In terzo luogo, per concretizzare le conclusioni del Politburo sulla sicurezza idrica e sulla protezione dei bacini idrici, il Dipartimento deve elaborare compiti specifici da attuare e riferire al Politburo; rafforzare il supporto tecnico alle autorità locali, in particolare per i grandi bacini idrici dotati di paratoie di regolazione, garantendo la sicurezza delle strutture e delle aree a valle.
In quarto luogo, promuovere la trasformazione digitale nella gestione e nell'esercizio delle opere di irrigazione.
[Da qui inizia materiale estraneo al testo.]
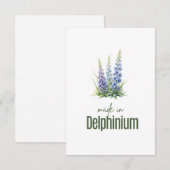 July Delphinium Birth Flower Flat Thank You Card Bedankkaart (Voorkant / Achterkant)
L'attenzione si concentra sulla creazione di sistemi di dati, modelli di calcolo e scenari per le risorse idriche, la siccità, la salinizzazione e le inondazioni a supporto della gestione e dell'esercizio. Contemporaneamente, studiare e proporre la creazione di una Società di Irrigazione del Vietnam Centrale entro il 2026, collegata allo sviluppo dell'irrigazione su piccola scala e a livello aziendale.
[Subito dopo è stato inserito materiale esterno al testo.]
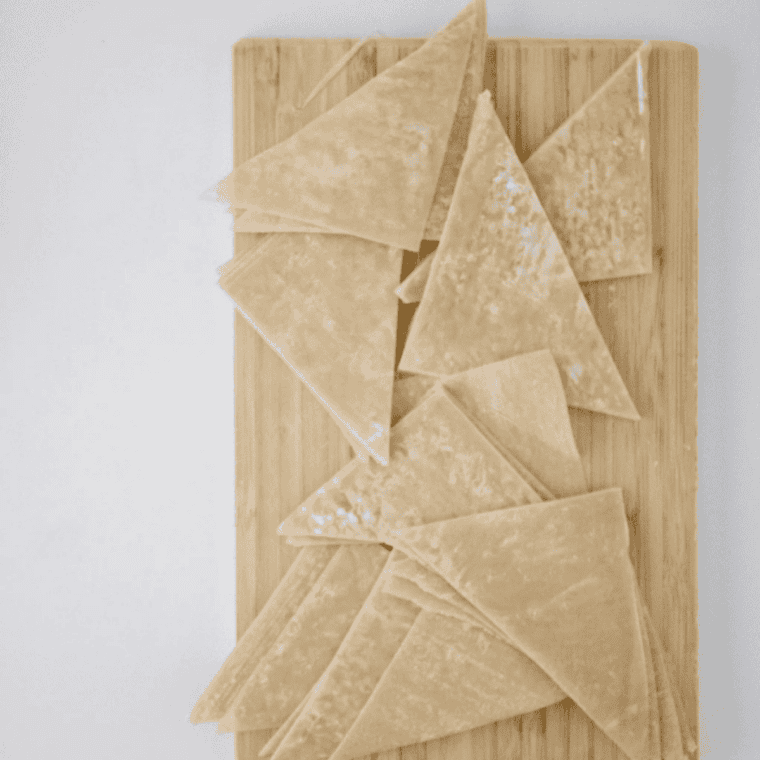 Cut wonton wrappers sprinkled with salt before air frying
Il viceministro Nguyen Hoang Hiep consegna l'Ordinanza del Lavoro ad alcuni dipendenti del Dipartimento per la Gestione e la Costruzione delle Risorse Idriche. Foto: Tung Dinh.
In quinto luogo, promuovere attivamente la socializzazione del settore idrico, in particolare dell'approvvigionamento idrico domestico nelle zone rurali. Il Ministero deve proporre meccanismi per attrarre risorse sociali, risolvere in modo definitivo i punti critici di carenza di acqua potabile e garantire il benessere sociale delle aree rurali.
Sesto, concentrarsi sulla risoluzione definitiva dei progetti previsti dal piano di investimenti a medio termine 2020-2025, prorogato al 2026, assicurandosi che non rimangano progetti incompiuti; e al contempo, pianificare attentamente il nuovo periodo a medio termine.
In settimo luogo, è necessario concentrarsi sulle questioni organizzative e del personale. Di conseguenza, il Dipartimento deve potenziare le capacità del proprio personale attraverso la formazione e lo sviluppo, valutare la possibilità di integrare il personale quando necessario e, al contempo, elaborare una strategia per consolidare e riorganizzare l'apparato al fine di soddisfare i requisiti dei compiti nella nuova fase di sviluppo.
Nel corso della conferenza, il viceministro Nguyen Hoang Hiep ha anche presieduto all'annuncio dei riconoscimenti conferiti a diverse personalità del Dipartimento per la Gestione e la Costruzione delle Risorse Idriche. Tra questi, il signor Luong Van Anh, vicedirettore, insignito della Medaglia al Merito di Seconda Classe, e la signora Le Thi Lan, vicecapo dell'ufficio del Dipartimento, premiata con la Medaglia al Merito di Terza Classe, oltre a diversi attestati di merito e titoli di "Combattente dell'Emulazione" a livello ministeriale.